La variante Delta rischia di diventare un incubo. E adesso anche il presidente del Consiglio Superiore di Sanità, Franco Locatelli lancia l'allarme: «La variante Delta solleva preoccupazione per la maggior contagiosità», ha detto su Sky tg 24.

"E' così importante proseguire con la campagna vaccinale - ha aggiunto - una dose sola non copre adeguatamente, va completato il ciclo vaccinale per la protezione da patologia grave e ancor di più per il rischio letale».

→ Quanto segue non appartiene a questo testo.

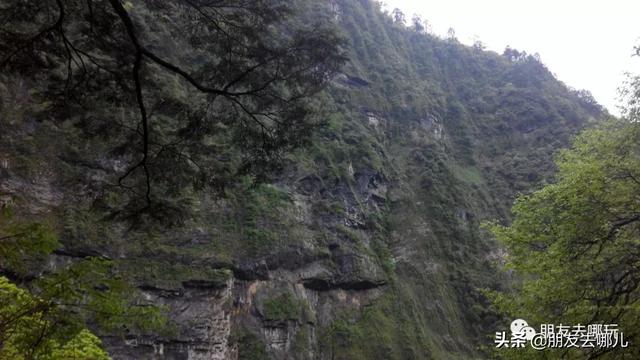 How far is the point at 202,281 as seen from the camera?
72.0 ft

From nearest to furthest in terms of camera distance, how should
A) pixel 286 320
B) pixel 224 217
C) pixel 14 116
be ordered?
pixel 14 116
pixel 286 320
pixel 224 217

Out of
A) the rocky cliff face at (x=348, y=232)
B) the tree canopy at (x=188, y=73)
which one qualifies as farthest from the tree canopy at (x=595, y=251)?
the tree canopy at (x=188, y=73)

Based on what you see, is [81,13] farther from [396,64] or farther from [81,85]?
[396,64]

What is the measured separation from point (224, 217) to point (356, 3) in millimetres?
42783

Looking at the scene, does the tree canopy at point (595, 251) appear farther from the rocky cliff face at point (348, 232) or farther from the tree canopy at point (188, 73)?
the tree canopy at point (188, 73)

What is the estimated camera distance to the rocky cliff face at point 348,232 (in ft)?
68.3

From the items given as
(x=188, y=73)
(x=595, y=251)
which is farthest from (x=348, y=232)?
(x=188, y=73)

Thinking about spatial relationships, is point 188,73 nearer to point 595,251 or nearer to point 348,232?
point 595,251

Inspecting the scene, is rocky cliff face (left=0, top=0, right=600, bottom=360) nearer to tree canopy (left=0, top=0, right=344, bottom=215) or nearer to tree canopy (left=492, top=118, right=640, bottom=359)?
tree canopy (left=0, top=0, right=344, bottom=215)

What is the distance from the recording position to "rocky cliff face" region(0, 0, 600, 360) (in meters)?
20.8

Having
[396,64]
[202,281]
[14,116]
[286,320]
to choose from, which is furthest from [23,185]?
[396,64]

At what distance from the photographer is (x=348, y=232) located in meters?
30.3

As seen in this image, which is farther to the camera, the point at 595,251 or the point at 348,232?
the point at 348,232

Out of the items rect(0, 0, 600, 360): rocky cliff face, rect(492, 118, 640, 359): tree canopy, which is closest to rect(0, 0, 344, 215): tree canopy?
rect(0, 0, 600, 360): rocky cliff face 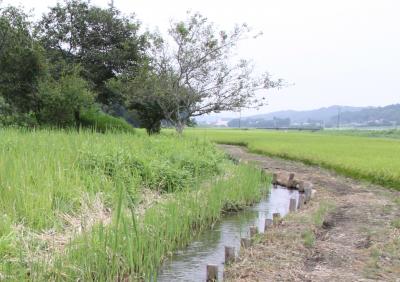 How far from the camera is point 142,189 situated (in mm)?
9031

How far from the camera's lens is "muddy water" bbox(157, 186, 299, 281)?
6.24 m

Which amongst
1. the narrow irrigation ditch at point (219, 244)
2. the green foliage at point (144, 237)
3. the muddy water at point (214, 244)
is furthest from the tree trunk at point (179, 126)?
the green foliage at point (144, 237)

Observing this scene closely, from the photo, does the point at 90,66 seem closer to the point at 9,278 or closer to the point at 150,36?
the point at 150,36

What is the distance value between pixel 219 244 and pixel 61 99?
14.3 m

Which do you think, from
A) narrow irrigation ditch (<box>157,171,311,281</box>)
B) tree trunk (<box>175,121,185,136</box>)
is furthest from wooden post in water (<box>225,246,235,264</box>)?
tree trunk (<box>175,121,185,136</box>)

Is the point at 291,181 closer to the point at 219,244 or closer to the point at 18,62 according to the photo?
the point at 219,244

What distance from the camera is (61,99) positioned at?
19938 millimetres

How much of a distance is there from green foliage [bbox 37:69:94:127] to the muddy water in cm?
1180

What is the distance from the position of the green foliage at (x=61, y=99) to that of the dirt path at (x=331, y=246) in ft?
43.2

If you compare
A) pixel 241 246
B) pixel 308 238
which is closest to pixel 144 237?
pixel 241 246

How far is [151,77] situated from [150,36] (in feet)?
9.78

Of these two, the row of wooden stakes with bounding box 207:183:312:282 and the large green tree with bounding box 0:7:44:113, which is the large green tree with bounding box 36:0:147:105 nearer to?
the large green tree with bounding box 0:7:44:113

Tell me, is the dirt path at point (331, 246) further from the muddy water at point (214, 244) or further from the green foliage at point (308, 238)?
the muddy water at point (214, 244)

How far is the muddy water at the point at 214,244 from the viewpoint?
624 cm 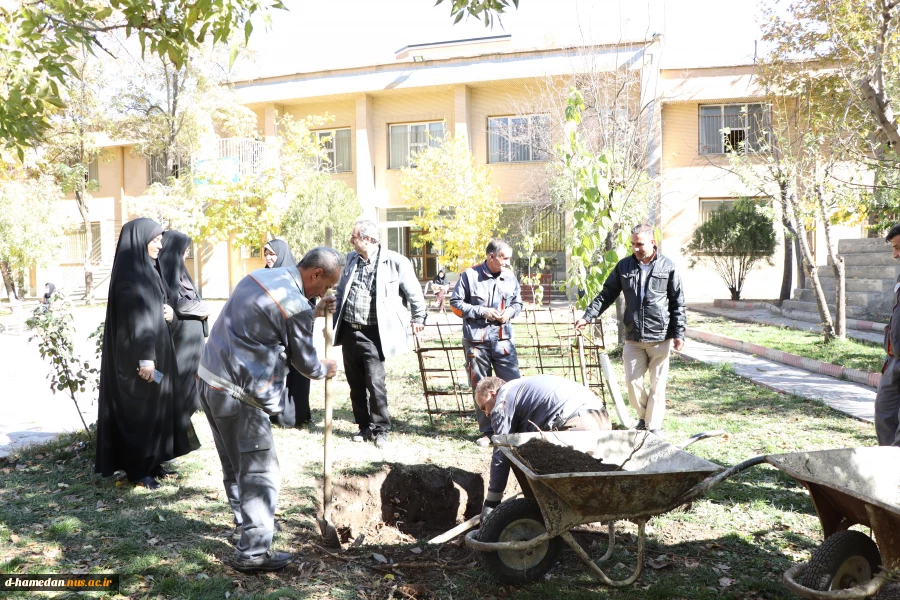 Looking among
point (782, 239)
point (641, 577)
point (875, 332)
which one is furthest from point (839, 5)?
point (782, 239)

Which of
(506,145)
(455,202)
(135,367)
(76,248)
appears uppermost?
(506,145)

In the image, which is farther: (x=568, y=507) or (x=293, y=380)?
(x=293, y=380)

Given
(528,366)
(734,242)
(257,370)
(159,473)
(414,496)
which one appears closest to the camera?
(257,370)

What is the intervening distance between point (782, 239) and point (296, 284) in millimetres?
20707

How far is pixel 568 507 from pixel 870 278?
13.4 m

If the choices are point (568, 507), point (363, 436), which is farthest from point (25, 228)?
point (568, 507)

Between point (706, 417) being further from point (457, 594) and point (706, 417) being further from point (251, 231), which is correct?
point (251, 231)

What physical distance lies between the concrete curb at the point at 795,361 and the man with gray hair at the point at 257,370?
565 centimetres

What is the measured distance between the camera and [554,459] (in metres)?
3.89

Intanto, aumentano le segnalazioni sul territorio nazionale di casi associati a varianti Kappa e Delta, in particolare di focolai dovuti alla variante Delta. Lo si legge nella circolare di oggi del ministero della Salute con l'aggiornamento della classificazione delle nuove varianti Sars-CoV-2 che raccomanda di rafforzare il tracciamento. La variante Delta è del 40-60 per cento più trasmissibile rispetto alla Alpha (Β.1.1.7) e può essere associata a un rischio più alto di ricoveri.

La circolare raccomanda di "continuare a monitorare con grande attenzione la circolazione delle varianti del virus SARS-CoV-2, applicare tempestivamente e scrupolosamente sia le misure di contenimento della trasmissione previste, che le misure di isolamento e quarantena in caso di VOC Delta sospetta o confermata".

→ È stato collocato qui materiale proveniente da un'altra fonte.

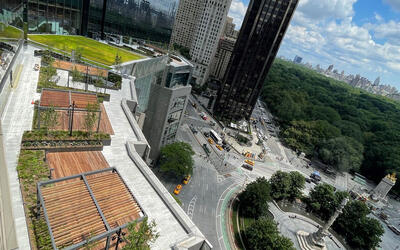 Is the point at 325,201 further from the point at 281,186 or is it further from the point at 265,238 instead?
the point at 265,238

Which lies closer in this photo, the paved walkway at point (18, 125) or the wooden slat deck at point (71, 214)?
the wooden slat deck at point (71, 214)

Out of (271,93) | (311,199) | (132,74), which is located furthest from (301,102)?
(132,74)

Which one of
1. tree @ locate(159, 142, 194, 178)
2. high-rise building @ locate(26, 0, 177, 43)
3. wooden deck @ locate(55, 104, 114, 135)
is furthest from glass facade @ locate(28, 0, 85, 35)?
tree @ locate(159, 142, 194, 178)

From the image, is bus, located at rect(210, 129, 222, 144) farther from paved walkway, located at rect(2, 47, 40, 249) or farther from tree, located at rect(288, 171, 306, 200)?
paved walkway, located at rect(2, 47, 40, 249)

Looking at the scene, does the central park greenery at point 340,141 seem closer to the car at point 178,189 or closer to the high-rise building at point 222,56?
the car at point 178,189

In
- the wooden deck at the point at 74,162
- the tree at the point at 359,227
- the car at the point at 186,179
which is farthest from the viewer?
the car at the point at 186,179

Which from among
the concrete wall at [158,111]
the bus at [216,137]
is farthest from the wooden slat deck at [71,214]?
the bus at [216,137] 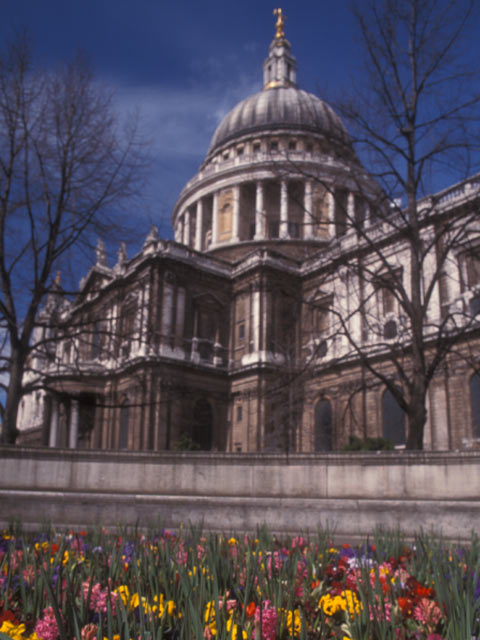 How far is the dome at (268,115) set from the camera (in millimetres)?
60500

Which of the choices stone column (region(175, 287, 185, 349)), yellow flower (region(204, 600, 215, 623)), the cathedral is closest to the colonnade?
the cathedral

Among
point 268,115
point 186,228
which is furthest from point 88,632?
point 268,115

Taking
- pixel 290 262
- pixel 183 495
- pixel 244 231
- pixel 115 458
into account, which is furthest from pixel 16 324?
pixel 244 231

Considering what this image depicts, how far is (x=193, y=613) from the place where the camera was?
226 centimetres

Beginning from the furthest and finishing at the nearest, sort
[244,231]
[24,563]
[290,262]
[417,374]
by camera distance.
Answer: [244,231] < [290,262] < [417,374] < [24,563]

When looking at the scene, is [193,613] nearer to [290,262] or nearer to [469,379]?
[469,379]

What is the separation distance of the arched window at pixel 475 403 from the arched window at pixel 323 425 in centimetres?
936

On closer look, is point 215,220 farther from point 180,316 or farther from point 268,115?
point 180,316

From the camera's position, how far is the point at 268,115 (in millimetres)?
61938

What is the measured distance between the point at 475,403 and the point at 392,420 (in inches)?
207

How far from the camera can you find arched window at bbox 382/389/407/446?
108ft

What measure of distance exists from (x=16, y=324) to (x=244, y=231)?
41426 millimetres

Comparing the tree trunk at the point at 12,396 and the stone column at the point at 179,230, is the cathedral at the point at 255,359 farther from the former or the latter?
the tree trunk at the point at 12,396

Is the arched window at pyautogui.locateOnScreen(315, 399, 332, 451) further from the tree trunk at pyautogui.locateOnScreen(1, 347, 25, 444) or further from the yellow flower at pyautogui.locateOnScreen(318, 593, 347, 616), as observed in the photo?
the yellow flower at pyautogui.locateOnScreen(318, 593, 347, 616)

Il documento spiega inoltre: "Vi sono evidenze che quanti hanno ricevuto solo la prima dose di una vaccinazione che prevede la somministrazione di due dosi per il completamento del ciclo vaccinale, sono meno protetti contro l'infezione con la variante Delta rispetto all'infezione da altre varianti, indipendentemente dal tipo di vaccino somministrato. Il completamento del ciclo vaccinale fornisce invece una protezione contro la variante Delta quasi equivalente a quella osservata contro la variante Alpha".

I numeri sulla diffusione saranno disponibili lunedì prossimo ma l'Iss già anticipa i dati. In Italia la variante Delta è in aumento con una percentuale del 16,8%, mentre la più diffusa rimane ancora la variante alfa al 74,92%. Tuttavia, sebbene i dati di giugno non siano ancora consolidati, dalle prime segnalazioni di sequenziamenti, si segnala un aumento, in percentuale, dei casi di variante Kappa e Delta, la cosiddetta "indiana" e un suo sottotipo, che passano dal 4,2% nel mese di maggio, al 16,8% del mese di giugno (dati estratti al 21 del mese).

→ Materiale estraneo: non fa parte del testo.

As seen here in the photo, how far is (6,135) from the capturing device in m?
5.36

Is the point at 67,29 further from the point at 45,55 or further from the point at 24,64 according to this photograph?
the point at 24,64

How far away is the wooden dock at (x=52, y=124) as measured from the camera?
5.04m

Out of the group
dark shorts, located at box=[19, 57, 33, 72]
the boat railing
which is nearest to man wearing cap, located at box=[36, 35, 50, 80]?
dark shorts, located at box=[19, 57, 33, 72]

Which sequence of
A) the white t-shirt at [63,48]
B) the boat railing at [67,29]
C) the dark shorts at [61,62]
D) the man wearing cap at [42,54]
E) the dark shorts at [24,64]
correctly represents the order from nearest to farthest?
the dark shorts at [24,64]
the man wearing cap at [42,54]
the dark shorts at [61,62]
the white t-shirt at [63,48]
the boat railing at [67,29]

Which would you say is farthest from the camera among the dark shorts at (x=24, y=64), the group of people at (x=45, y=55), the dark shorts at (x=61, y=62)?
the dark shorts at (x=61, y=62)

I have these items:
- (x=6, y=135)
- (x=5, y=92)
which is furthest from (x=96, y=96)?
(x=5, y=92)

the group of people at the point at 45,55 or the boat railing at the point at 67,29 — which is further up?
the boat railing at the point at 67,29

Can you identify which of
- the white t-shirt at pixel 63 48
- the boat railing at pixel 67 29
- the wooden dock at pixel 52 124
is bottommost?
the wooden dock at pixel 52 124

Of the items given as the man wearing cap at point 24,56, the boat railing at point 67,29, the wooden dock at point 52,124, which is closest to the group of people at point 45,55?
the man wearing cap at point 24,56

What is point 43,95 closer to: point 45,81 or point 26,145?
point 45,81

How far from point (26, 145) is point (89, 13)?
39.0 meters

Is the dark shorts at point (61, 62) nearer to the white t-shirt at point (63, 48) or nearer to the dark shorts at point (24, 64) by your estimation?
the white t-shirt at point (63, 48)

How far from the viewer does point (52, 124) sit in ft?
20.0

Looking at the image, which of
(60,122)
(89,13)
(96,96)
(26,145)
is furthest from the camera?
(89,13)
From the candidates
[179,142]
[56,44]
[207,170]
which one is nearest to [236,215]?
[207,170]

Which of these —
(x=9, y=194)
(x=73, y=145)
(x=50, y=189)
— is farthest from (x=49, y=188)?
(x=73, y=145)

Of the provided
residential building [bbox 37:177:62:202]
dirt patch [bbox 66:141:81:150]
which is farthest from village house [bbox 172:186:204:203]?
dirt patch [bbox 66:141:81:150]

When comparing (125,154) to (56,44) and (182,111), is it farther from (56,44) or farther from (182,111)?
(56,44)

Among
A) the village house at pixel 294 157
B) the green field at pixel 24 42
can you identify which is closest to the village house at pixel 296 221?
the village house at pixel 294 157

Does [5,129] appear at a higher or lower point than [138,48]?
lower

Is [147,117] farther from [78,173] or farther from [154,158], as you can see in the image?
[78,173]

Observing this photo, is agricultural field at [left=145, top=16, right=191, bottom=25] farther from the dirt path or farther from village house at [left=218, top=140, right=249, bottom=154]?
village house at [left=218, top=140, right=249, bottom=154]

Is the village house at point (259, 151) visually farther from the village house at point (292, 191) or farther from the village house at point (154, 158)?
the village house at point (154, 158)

In caso di individuazione di cluster di variante Delta non è escluso possano essere ripristinate delle zone rosse. L'ipotesi è avanzata dallo stesso coordinatore del Cts che sottolinea la necessità di un più ampio sequenziamento e tracciamento.
"Dobbiamo lavorare nella maniera più intensiva sul tracciamento e sul sequenziamento, perché solo in questo modo riusciamo ad intercettare segnali di diffusione della variante indiana" ha spiegato sottolineando che l'Italia sta sequenziando "nella media europea". Ma, ha aggiunto, se si aumenta il sequenziamento, "ci sono poi delle decisioni che devono seguire per cercare di contenere il tutto, altrimenti diventa un esercizio inutile".

Quindi vanno fatte delle zone rosse? "Se necessario - ha risposto - vanno create delle zone per fermare i cluster, come ad esempio è successo in Umbria quando si è verificata la diffusione della variante brasiliana".